→ Task directions: Output only the lines below that start at the line containing "GOES08-285E-200011090245UTC-ch1.jpg" and end at the line containing "월드컵 로만 285mm~300mm 사이즈 남자 빅 사이즈 슬리퍼", with both ends kept.

→ Given information:
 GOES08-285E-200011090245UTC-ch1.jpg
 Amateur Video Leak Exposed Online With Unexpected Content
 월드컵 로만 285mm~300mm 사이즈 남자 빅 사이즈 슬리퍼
* * *
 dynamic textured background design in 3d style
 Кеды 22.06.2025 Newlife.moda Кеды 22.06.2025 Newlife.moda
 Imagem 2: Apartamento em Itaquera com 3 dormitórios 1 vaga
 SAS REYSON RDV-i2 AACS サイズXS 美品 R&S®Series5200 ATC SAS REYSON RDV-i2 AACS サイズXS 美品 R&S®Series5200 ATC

→ Solution:
 GOES08-285E-200011090245UTC-ch1.jpg
 Amateur Video Leak Exposed Online With Unexpected Content
 월드컵 로만 285mm~300mm 사이즈 남자 빅 사이즈 슬리퍼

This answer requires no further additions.